Le contre-renseignement militaire allemand (MAD) est en train d’élargir son enquête sur l’extrémisme de droite dans la Bundeswehr. Leur cible principale est actuellement le Kommando Spezialkräfte (KSK). Cette unité est basée dans la ville de Calw. Il semble que le niveau de sympathie pour l’extrême droite la plus radicale dans cette unité de 1100 personnes soit « extrêmement élevé ».

Cette enquête aurait été lancée suite à une note confidentielle du ministre de la Défense Gerd Hoof à l’intention d’un groupe de contrôle parlementaire. L’augmentation des sympathisants d’extrême-droite dans l’unité KSK en a fait une priorité pour le MAD.

Ce n’est pas la première affaire de ce genre dans la Bundeswehr (l’armée allemande). Des groupes d’extrême droite ont déjà été découverts à plusieurs reprises. Cependant c’est la première fois que l’unité KSK est sous le coup d’une enquête. L’OTAN fait fréquemment appel à ce groupe pour l’assister dans des opérations anti-terroristes dans les Balkans et au Moyen-Orient.

Un problème récurrent

Selon l’agence d’information Redaktionsnetzwerk Deutschland le problème est particulièrement criant chez les parachutistes.
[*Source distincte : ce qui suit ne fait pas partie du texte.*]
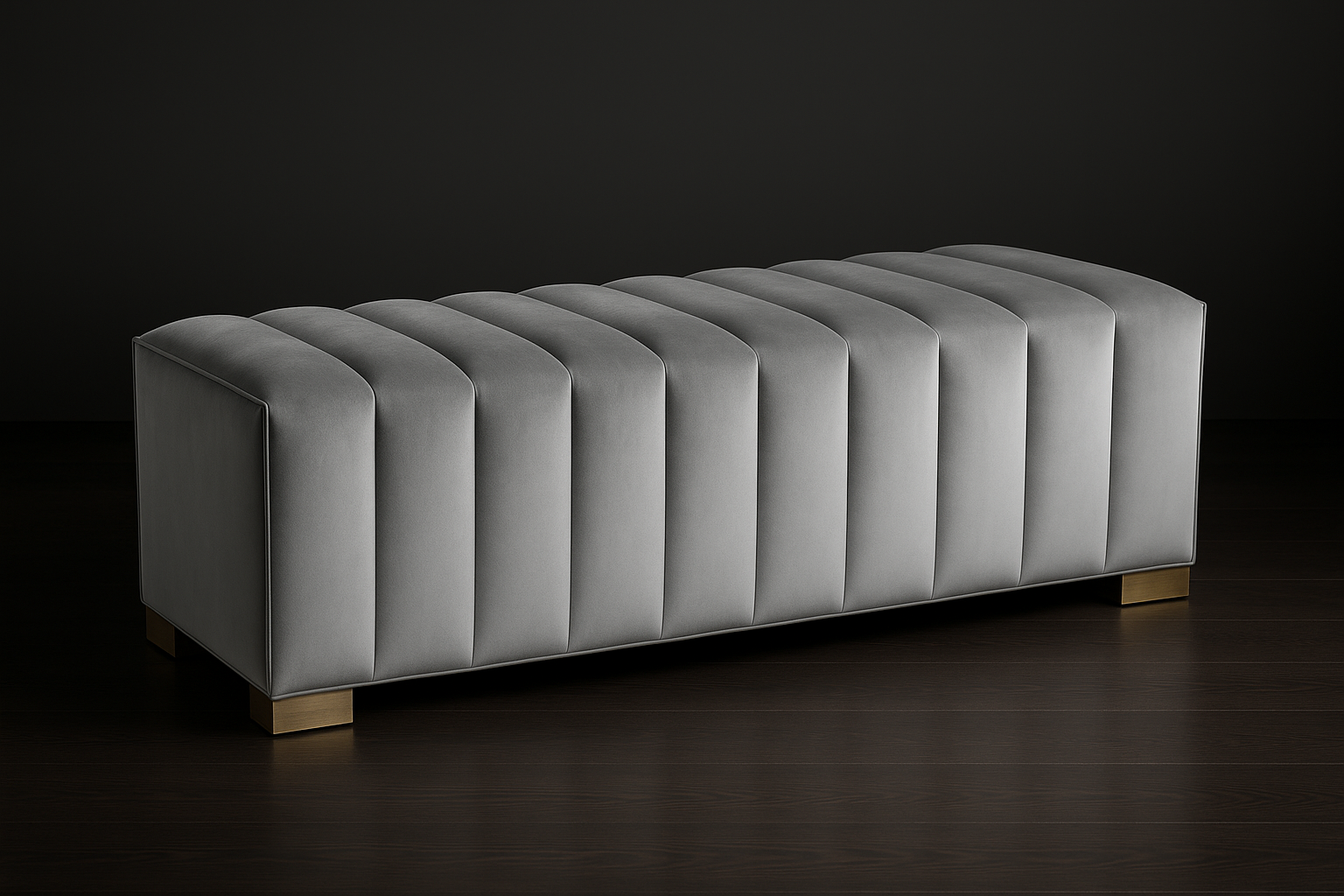Joyce Bench - Grey Velvet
Le cœur du problème se trouverait à la base Franz-Joseph-Strauss à Altenstadt, en Bavière.

Le MAD mène aussi l’enquête sur les soldats qui auraient eu des liens avec Franco A., un soldat de la Bundeswehr. Ce dernier a été appréhendé en 2017 alors qu’ils tentait de récupérer un pistolet et des munitions dissimulées à l’aéroport de Vienne. Des explosifs avaient aussi été découverts.

Franco A. a été accusée de planifier des attaques contre des politiciens et des personnalités publiques que l’homme considérait comme « favorables aux migrants ». Étrangement il a été acquitté pour les accusations de terrorisme.

Le MAD s’intéresse également au groupe internet nazi « Nordkreuz », la croix du nord. Certains s’inquiètent du fait que la MAD n’ait pas les moyens de mener correctement cette enquête de grande importance. En effet le groupe est le plus petit service de renseignement du pays. Le ministre de la Défense a cependant assuré qu’il souhaitait renforcer l’enquête en cours.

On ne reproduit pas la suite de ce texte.